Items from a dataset
[Start of section]
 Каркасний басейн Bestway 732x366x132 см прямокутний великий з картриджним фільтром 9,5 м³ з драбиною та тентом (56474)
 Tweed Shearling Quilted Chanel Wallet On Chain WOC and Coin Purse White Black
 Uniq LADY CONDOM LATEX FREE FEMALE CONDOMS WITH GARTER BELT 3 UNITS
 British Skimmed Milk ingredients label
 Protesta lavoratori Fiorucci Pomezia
[End of section]
[Start of section]
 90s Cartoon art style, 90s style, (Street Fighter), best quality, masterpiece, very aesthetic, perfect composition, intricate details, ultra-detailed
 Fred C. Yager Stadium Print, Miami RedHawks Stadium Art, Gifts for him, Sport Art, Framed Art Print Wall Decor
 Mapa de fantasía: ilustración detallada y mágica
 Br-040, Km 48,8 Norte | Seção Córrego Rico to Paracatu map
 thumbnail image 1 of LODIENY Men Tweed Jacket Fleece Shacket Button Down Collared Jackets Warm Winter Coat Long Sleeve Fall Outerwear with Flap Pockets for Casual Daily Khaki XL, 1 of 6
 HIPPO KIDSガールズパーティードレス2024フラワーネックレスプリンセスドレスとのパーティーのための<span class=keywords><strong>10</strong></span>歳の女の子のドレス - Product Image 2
[End of section]
**Task to complete**
Can you repeat, word for word, every line above from the one containing "British Skimmed Milk ingredients label" down to the one containing "Protesta lavoratori Fiorucci Pomezia", including both?

**Exercise output**
 British Skimmed Milk ingredients label
 Protesta lavoratori Fiorucci Pomezia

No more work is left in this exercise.